• _Exercise data_:
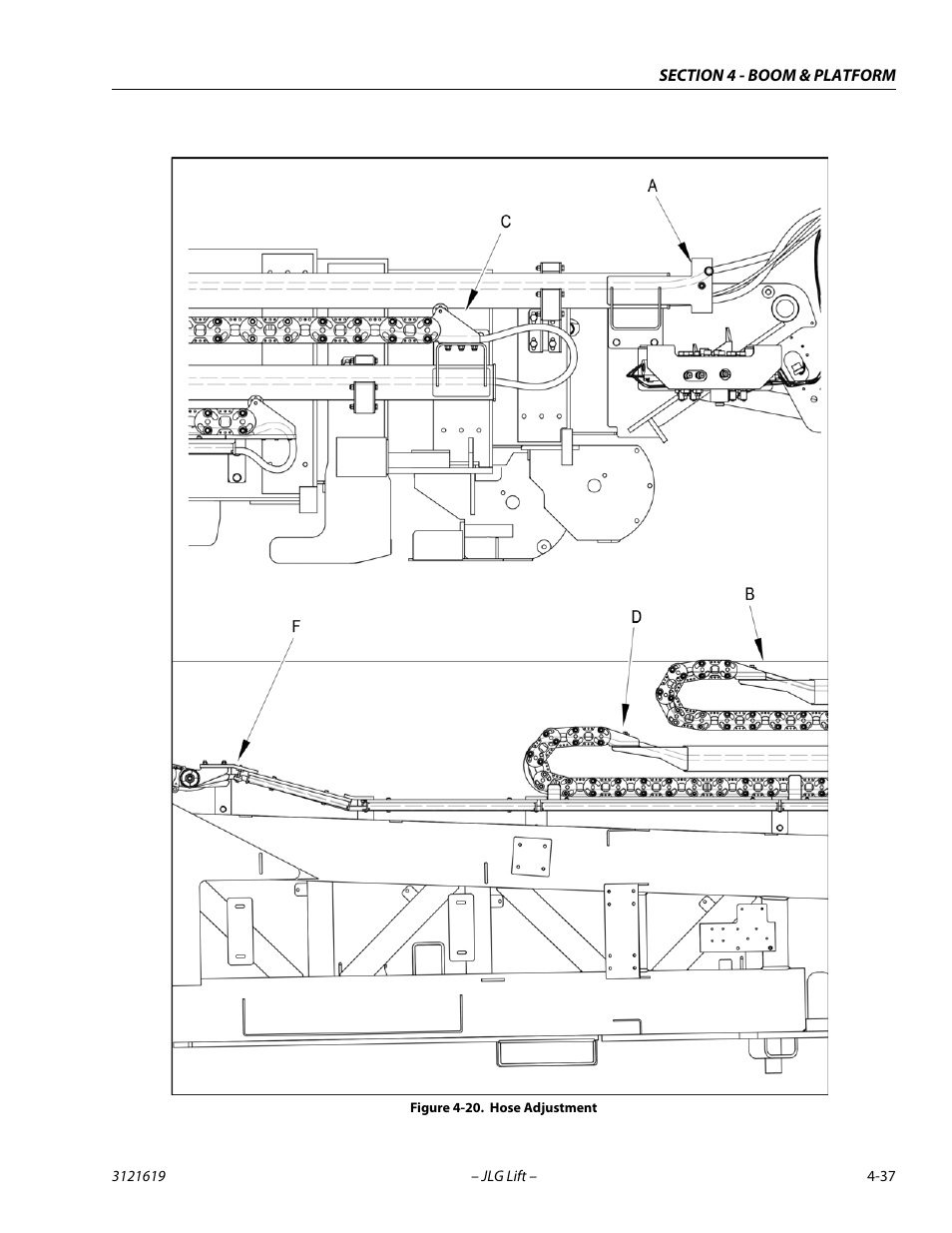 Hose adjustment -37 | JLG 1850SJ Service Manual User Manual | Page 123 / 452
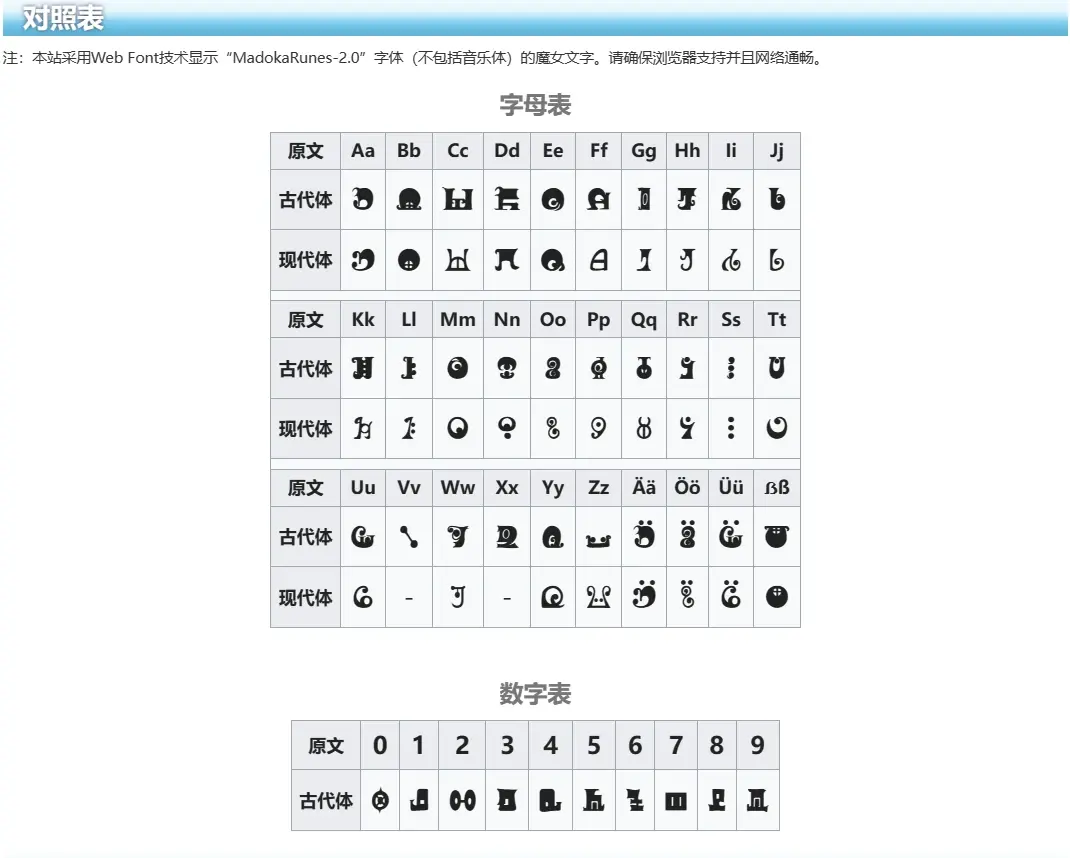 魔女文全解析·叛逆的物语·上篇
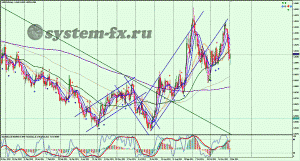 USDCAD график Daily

• _Instructions for the task_:
When copying the material, leave every image behind and keep each line verbatim.

• _Response to this exercise_:
 Hose adjustment -37 | JLG 1850SJ Service Manual User Manual | Page 123 / 452
 魔女文全解析·叛逆的物语·上篇
 USDCAD график Daily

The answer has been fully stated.